■ WHAT IS REQUIRED ■
Repeat nothing but the line containing "808 4th Street NE Hampton IA 50441" and the lines that follow it, up to and including the last line of the data below.

_ _ _ _ _ _ _

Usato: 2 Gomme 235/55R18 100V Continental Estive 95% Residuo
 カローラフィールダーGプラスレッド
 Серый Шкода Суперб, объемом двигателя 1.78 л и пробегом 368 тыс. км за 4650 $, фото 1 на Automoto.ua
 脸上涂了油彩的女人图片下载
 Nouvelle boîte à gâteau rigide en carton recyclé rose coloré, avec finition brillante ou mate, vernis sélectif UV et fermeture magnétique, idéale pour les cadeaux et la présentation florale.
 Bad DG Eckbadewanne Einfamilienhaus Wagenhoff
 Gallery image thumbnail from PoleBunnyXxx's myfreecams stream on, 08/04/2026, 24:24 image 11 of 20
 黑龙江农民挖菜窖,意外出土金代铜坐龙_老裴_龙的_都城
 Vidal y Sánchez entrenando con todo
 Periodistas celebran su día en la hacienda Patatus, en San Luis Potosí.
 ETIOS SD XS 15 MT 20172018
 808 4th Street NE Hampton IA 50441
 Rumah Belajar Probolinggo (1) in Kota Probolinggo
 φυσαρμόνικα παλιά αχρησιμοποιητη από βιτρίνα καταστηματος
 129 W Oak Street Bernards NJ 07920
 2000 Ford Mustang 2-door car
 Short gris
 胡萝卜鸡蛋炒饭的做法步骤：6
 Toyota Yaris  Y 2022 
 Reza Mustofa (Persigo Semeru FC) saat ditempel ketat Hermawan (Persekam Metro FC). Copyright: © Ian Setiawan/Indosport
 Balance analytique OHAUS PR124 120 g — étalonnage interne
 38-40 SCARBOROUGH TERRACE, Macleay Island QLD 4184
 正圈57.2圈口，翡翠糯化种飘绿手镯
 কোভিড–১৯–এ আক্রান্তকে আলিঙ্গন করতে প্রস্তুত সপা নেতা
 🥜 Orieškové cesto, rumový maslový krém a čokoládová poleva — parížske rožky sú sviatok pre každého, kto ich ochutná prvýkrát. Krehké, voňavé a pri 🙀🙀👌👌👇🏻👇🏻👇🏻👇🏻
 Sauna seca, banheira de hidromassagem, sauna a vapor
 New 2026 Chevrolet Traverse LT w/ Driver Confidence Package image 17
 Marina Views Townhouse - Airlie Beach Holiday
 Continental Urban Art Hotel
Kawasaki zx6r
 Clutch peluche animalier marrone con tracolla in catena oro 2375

_ _ _ _ _ _ _

■ ANSWER SECTION ■
 808 4th Street NE Hampton IA 50441
 Rumah Belajar Probolinggo (1) in Kota Probolinggo
 φυσαρμόνικα παλιά αχρησιμοποιητη από βιτρίνα καταστηματος
 129 W Oak Street Bernards NJ 07920
 2000 Ford Mustang 2-door car
 Short gris
 胡萝卜鸡蛋炒饭的做法步骤：6
 Toyota Yaris  Y 2022 
 Reza Mustofa (Persigo Semeru FC) saat ditempel ketat Hermawan (Persekam Metro FC). Copyright: © Ian Setiawan/Indosport
 Balance analytique OHAUS PR124 120 g — étalonnage interne
 38-40 SCARBOROUGH TERRACE, Macleay Island QLD 4184
 正圈57.2圈口，翡翠糯化种飘绿手镯
 কোভিড–১৯–এ আক্রান্তকে আলিঙ্গন করতে প্রস্তুত সপা নেতা
 🥜 Orieškové cesto, rumový maslový krém a čokoládová poleva — parížske rožky sú sviatok pre každého, kto ich ochutná prvýkrát. Krehké, voňavé a pri 🙀🙀👌👌👇🏻👇🏻👇🏻👇🏻
 Sauna seca, banheira de hidromassagem, sauna a vapor
 New 2026 Chevrolet Traverse LT w/ Driver Confidence Package image 17
 Marina Views Townhouse - Airlie Beach Holiday
 Continental Urban Art Hotel
Kawasaki zx6r
 Clutch peluche animalier marrone con tracolla in catena oro 2375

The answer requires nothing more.